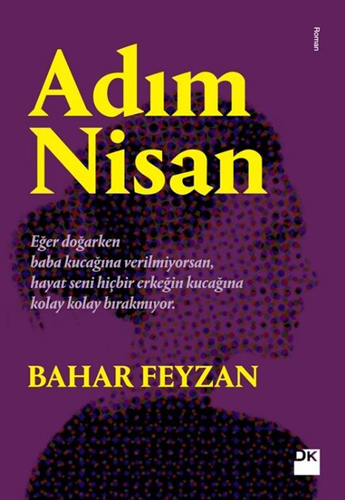 Adım Nisan Adım Nisan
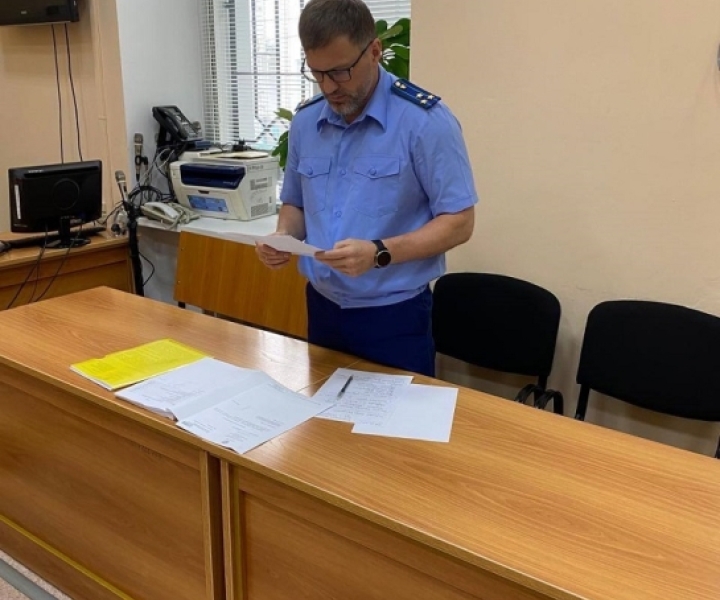 Должностных лиц «РЖД» взяли под стажу 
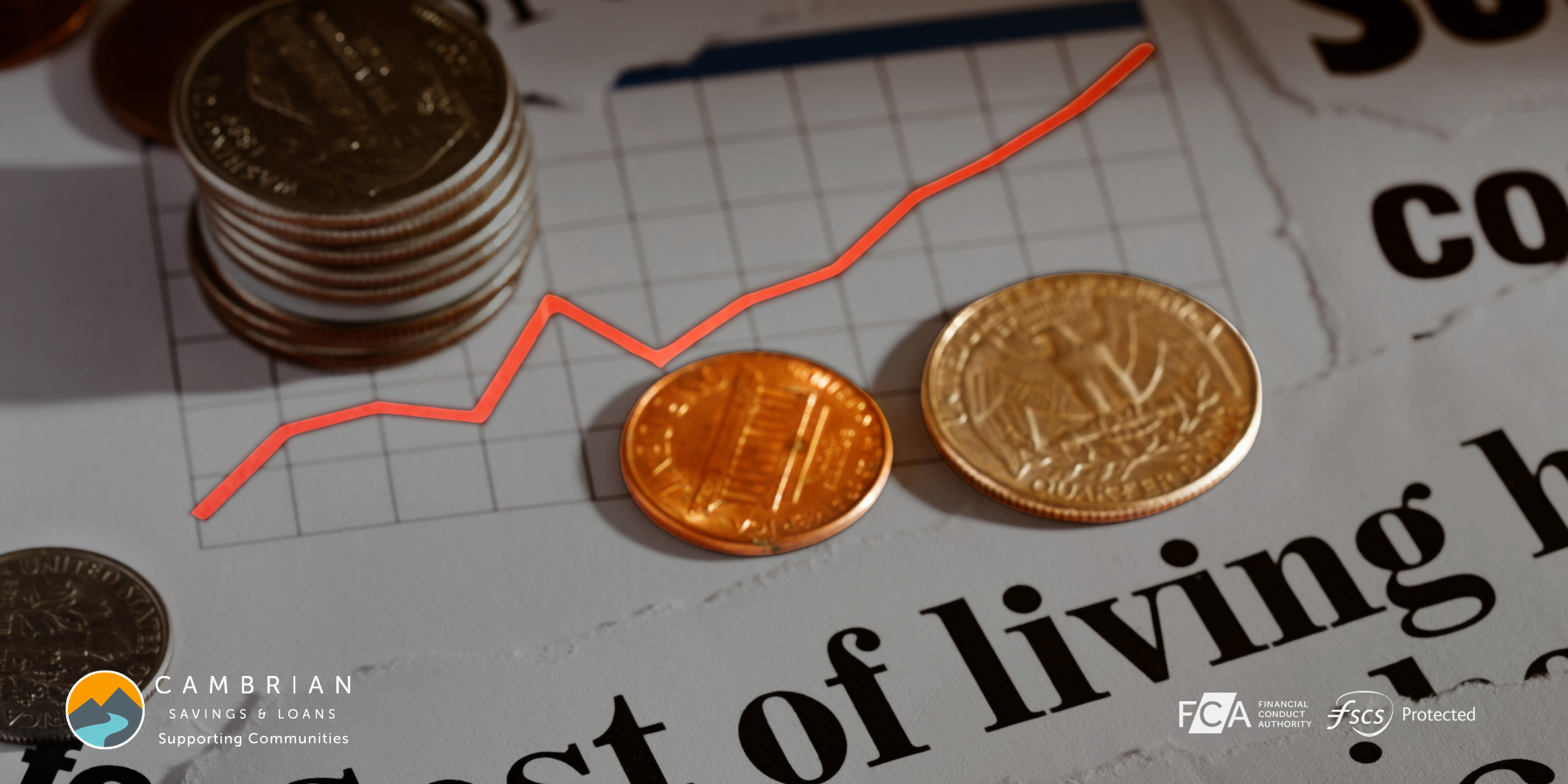 Understanding the Cost of Living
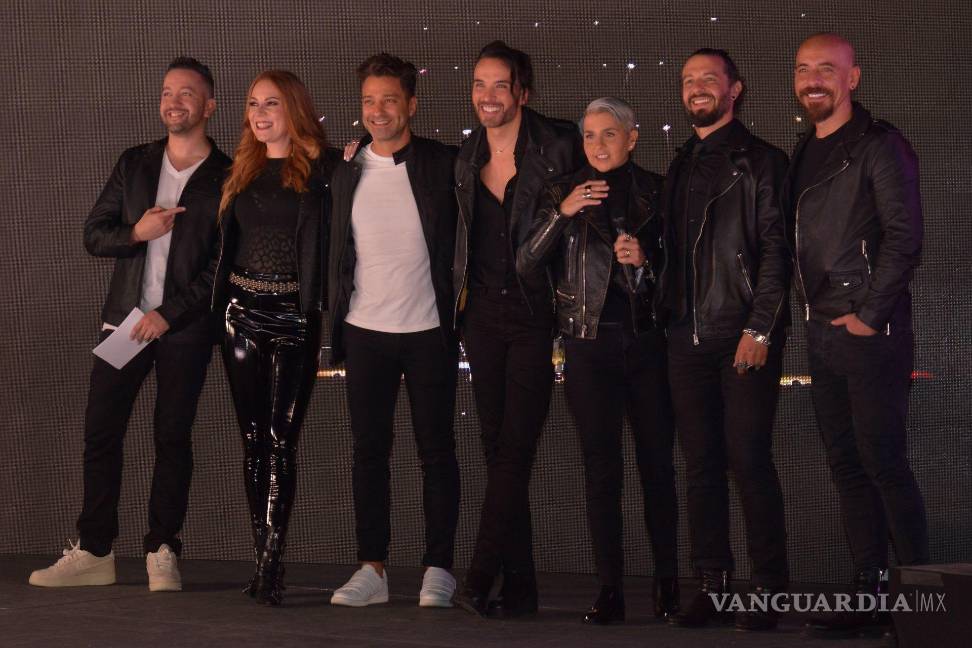 Pop mexicano del siglo pasado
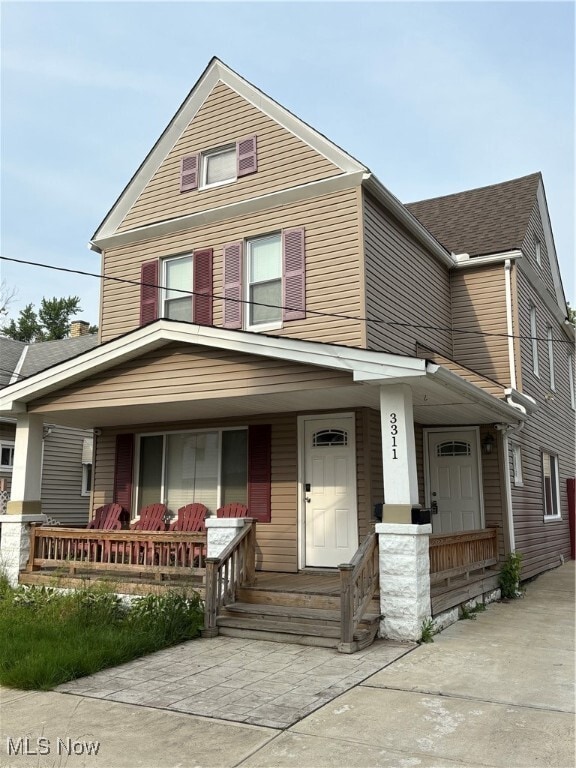 Primary Photo - 3311 W 33rd St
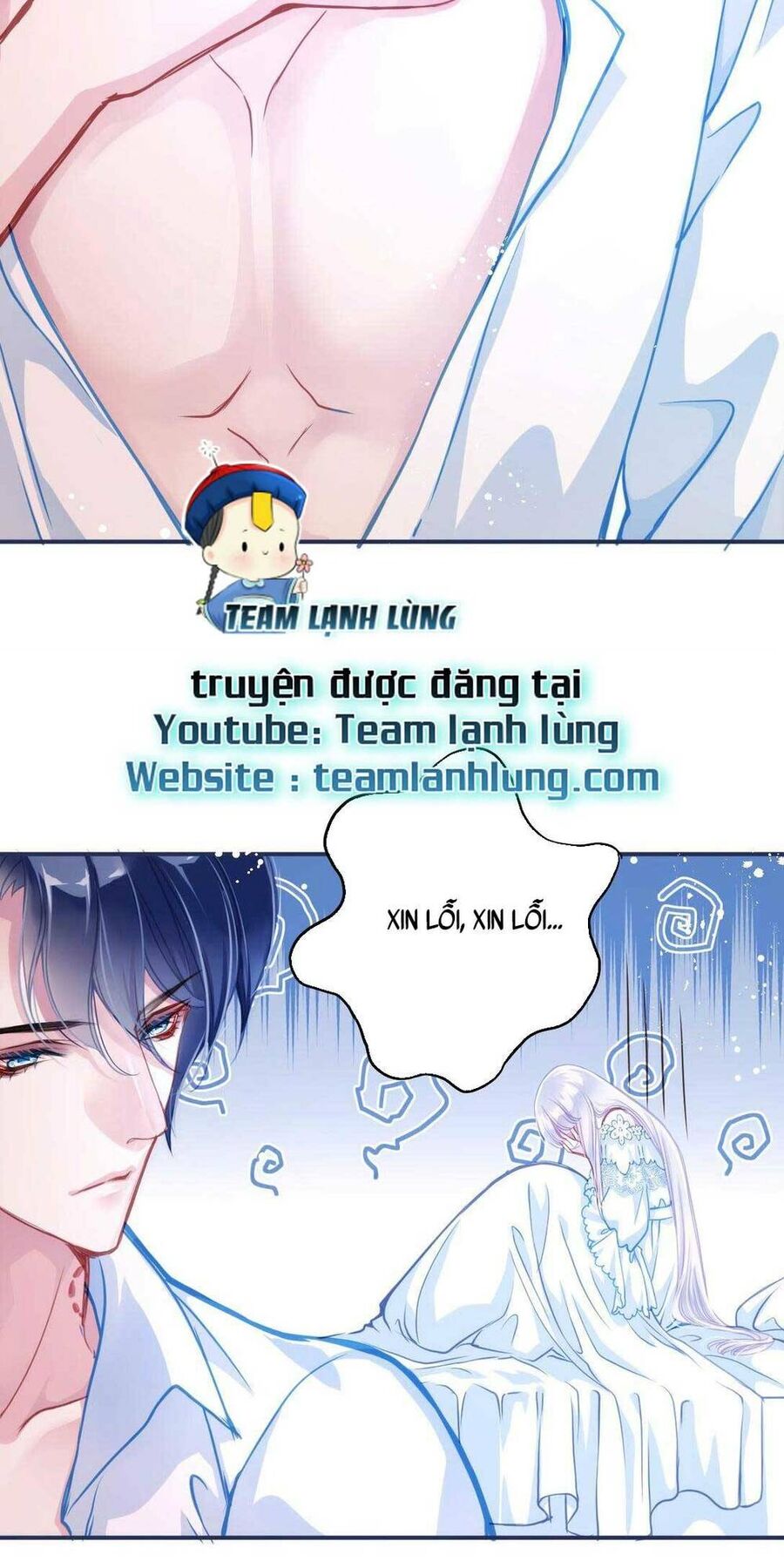 Hoàng Phi Có Chút Không Đúng Nha Chapter 4 - Trang 2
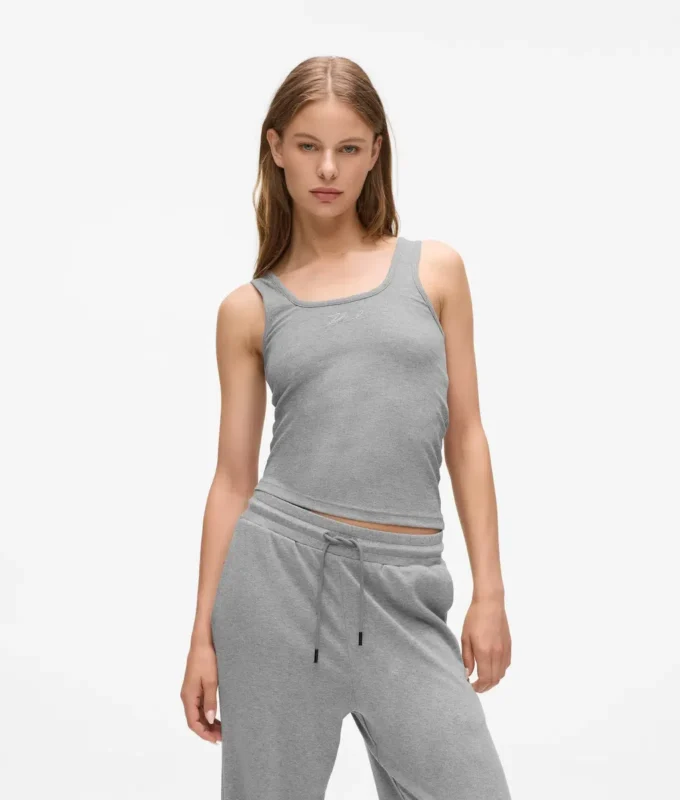 Signature Lounge-Tanktop Signature Lounge-Tanktop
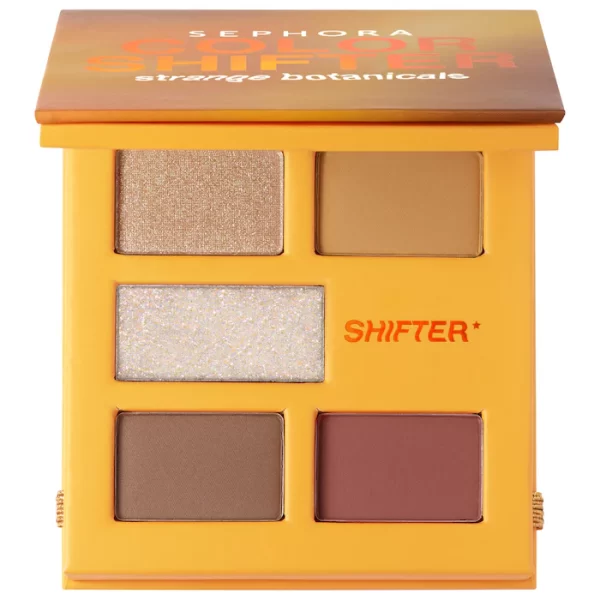 Sephora Color Shifter Strange Botanicals - Image 2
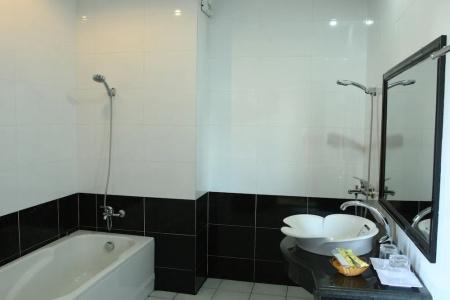 Vimean Sovannaphoum Resort - 54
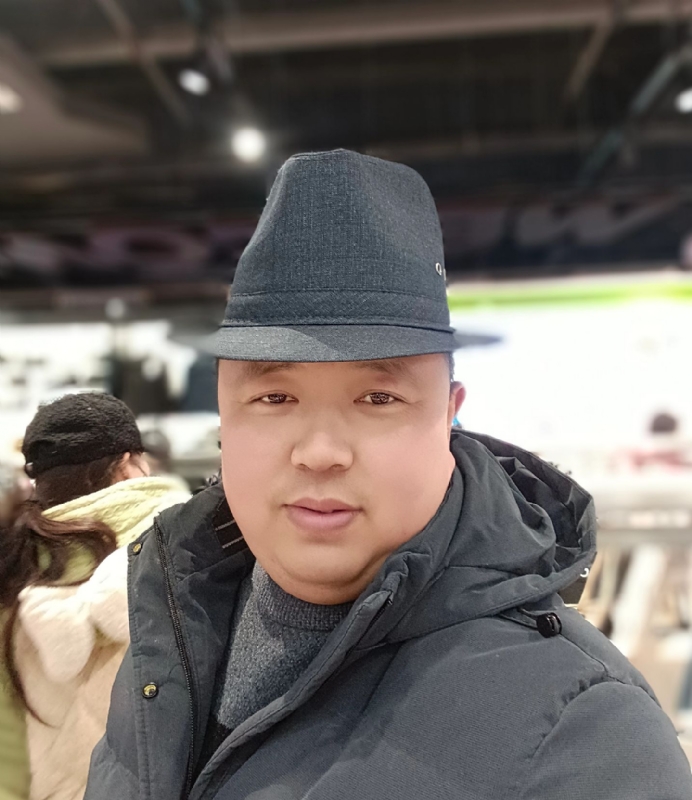 小晴天的第一张照片--衡阳相亲服务中心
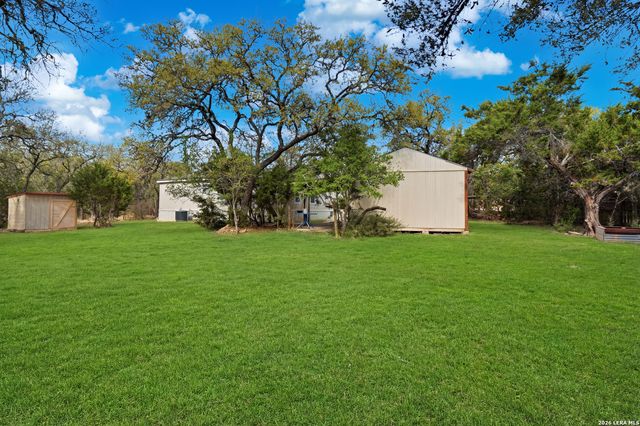 512 Las Hadas, Spring Branch, TX 78070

....

Your objective - Each entry should be copied exactly as written, though any pictures stay out.

The answer -
 Adım Nisan Adım Nisan
 Должностных лиц «РЖД» взяли под стажу 
 Understanding the Cost of Living
 Pop mexicano del siglo pasado
 Primary Photo - 3311 W 33rd St
 Hoàng Phi Có Chút Không Đúng Nha Chapter 4 - Trang 2
 Signature Lounge-Tanktop Signature Lounge-Tanktop
 Sephora Color Shifter Strange Botanicals - Image 2
 Vimean Sovannaphoum Resort - 54
 小晴天的第一张照片--衡阳相亲服务中心
 512 Las Hadas, Spring Branch, TX 78070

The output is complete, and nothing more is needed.